Cooking with cranberries
Cooking with cranberries

All about cranberry - Cranberry for all seasons


Look for plump, shiny, firm berries.


Cranberries have the advantage of keeping in the refrigerator for up to 2 months if they are not washed. They lend themselves very well to freezing, with no preparation required.


Because of their texture and sourness, it’s unusual for cranberries to be eaten raw; however they require little preparation.


A wonderful accompaniment to poultry, game and roasts.
A natural companion for orange and an excellent partner for blueberries and raspberries.

Add them to the cooking juices of a roast or poultry 10 minutes before the end of the cooking time.

Cook them briefly with a little water or light syrup, just long enough for the berries to pop. They can then be reduced into marmalade, compote or jam, or added to terrines or chutneys.

They can also be tossed with sugar and left to exude their juice overnight before being added to desserts.

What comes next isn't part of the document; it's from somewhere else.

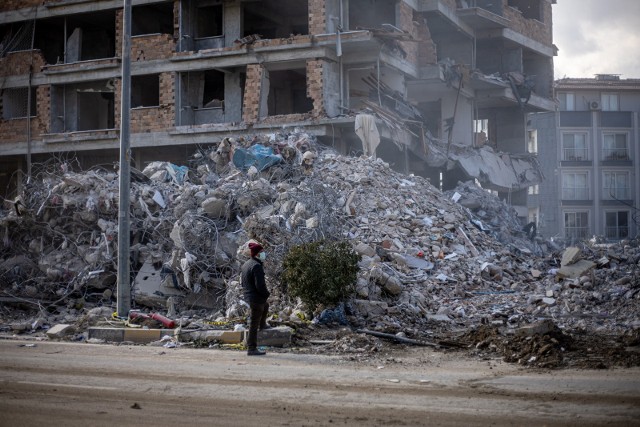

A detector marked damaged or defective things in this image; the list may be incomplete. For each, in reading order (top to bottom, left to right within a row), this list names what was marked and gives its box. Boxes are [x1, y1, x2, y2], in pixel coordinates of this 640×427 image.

damaged concrete building [1, 0, 556, 221]
damaged concrete building [528, 75, 640, 242] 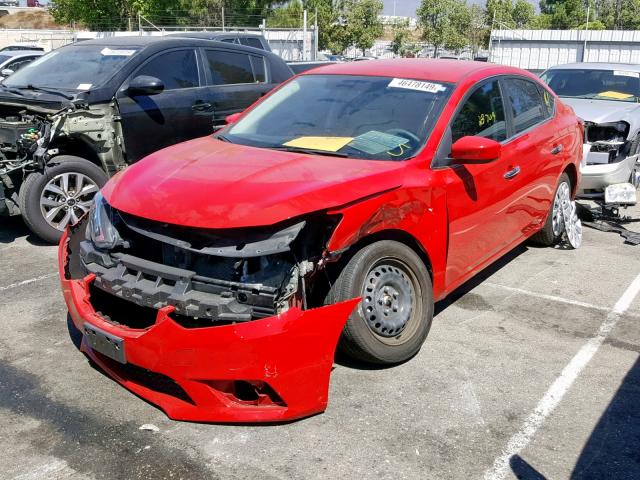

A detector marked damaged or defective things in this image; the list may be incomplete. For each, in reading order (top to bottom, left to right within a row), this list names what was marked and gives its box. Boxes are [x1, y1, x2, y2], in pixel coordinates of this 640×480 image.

Dried cranberries can be used in any recipe in which you would use raisins (sauces for game, pastries, muffins, crumbles, cereals, salads, etc. )


Baked apples
Put a spoonful of cranberries, brown sugar and orange zest in the middle of the apple

In baking
Add cranberries to muffins or rich yeast breads with orange zest.

To glaze ham
Combine cranberry jelly with a little maple syrup to make a glaze for ham.

To glaze roast pork
Cook fresh cranberries with a little honey; add some soy sauce, sesame seeds and grated ginger; brush the roast with this mixture before putting in the oven.

To accompany game
Reduce 100 g cranberries, 100 ml maple syrup and the juice of a lemon; blend into some veal stock.

Add to onion compote and serve with duck terrine.